Human Stem Cell-like Memory T Cells Are Maintained in a State of Dynamic Flux.

Adaptive immunity requires the generation of memory T cells from naive precursors selected in the thymus. The key intermediaries in this process are stem cell-like memory T (TSCM) cells, multipotent progenitors that can both self-renew and replenish more differentiated subsets of memory T cells. In theory, antigen specificity within the TSCM pool may be imprinted statically as a function of largely dormant cells and/or retained dynamically by more transitory subpopulations. To explore the origins of immunological memory, we measured the turnover of TSCM cells in vivo using stable isotope labeling with heavy water. The data indicate that TSCM cells in both young and elderly subjects are maintained by ongoing proliferation. In line with this finding, TSCM cells displayed limited telomere length erosion coupled with high expression levels of active telomerase and Ki67. Collectively, these observations show that TSCM cells exist in a state of perpetual flux throughout the human lifespan.

Introduction

Antigen encounter drives the formation of heterogeneous memory T cell populations, which deploy various effector functions with accelerated kinetics to ensure long-term protective immunity (Chang et al., 2014, Farber et al., 2014). The recently described stem cell-like memory T (TSCM) subset typically comprises 2%–3% of the circulating T cell pool and can be identified within a naive-like phenotype (CD45RA+CD45RO–CCR7+CD62L+CD27+CD28+) by expression of the memory marker CD95 (Gattinoni et al., 2011). In accordance with this definition, TSCM cells mount anamnestic responses and display gene transcript profiles encompassing features of both naive T (TN) and central memory T (TCM) cells (Gattinoni et al., 2011). Moreover, TSCM cells are endowed with considerable proliferative reserves and can differentiate in vitro and in vivo to reconstitute the entire spectrum of classically delineated memory T cells (Gattinoni et al., 2011). These characteristics suggest an antecedent role for TSCM cells in the complex antigen-driven processes that ultimately capture and preserve immunological memories.

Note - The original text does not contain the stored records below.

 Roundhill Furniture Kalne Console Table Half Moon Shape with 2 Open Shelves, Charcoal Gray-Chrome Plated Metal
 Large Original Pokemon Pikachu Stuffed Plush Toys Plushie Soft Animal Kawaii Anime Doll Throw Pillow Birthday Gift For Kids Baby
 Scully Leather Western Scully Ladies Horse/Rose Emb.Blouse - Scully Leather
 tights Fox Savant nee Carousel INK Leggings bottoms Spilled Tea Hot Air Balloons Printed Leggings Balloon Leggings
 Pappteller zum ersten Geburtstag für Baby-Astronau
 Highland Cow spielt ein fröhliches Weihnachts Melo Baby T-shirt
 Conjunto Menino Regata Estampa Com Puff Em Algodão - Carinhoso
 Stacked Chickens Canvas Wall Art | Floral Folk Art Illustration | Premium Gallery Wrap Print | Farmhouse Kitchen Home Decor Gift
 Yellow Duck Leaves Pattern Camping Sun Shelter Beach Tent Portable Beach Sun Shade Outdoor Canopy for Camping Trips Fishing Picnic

It is established that TSCM cells persist at stable frequencies throughout the human lifespan (Di Benedetto et al., 2015). However, the mechanisms that underlie this remarkable longevity are incompletely defined. Two mutually non-exclusive possibilities exist: (1) TSCM cells may endure under conditions of relative dormancy with prolonged survival; and/or (2) the TSCM pool may be sustained by ongoing proliferation and cell turnover. In this study, we provide evidence consistent with the latter scenario and demonstrate that TSCM cells are maintained in a state of dynamic flux.

Results and Discussion

To investigate how TSCM cells are maintained in humans, we conducted a long-term (7-week) stable isotope (2H2O) labeling study (Figure 1A). Deuterium (2H) enrichment of DNA extracted from rigorously sort-purified T cell subsets (Figure 1B) was measured at defined intervals using gas chromatography/mass spectrometry (Neese et al., 2002, Busch et al., 2007). CD4+ and CD8+ TSCM cells rapidly incorporated 2H during the labeling phase and lost 2H during the delabeling phase (Figures 1D and S1). Moreover, the fractions of labeled CD4+ and CD8+ TSCM cells were higher in the majority of subjects compared with the corresponding lineage-defined CD45RA– and CD45RA+CD45RO+ memory T cells (Figure 2). Consistent with previous reports (Hellerstein et al., 2003, Ladell et al., 2008, Vrisekoop et al., 2008), we found only low levels of 2H enrichment in the TN subset. These cells accumulated further label after 2H2O administration was discontinued, likely reflecting TN cell proliferation in lymphoid tissue with delayed exit into the peripheral blood (Hellerstein et al., 2003). Given that 2H is incorporated into newly synthesized DNA generated during cell division, this dataset suggests that TSCM cells are maintained in vivo by extensive proliferation.

Figure 1

Label Incorporation in Naive and Stem Cell-like Memory T Cells

(A) Schematic representation of the 2H2O-labeling protocol and sampling time points.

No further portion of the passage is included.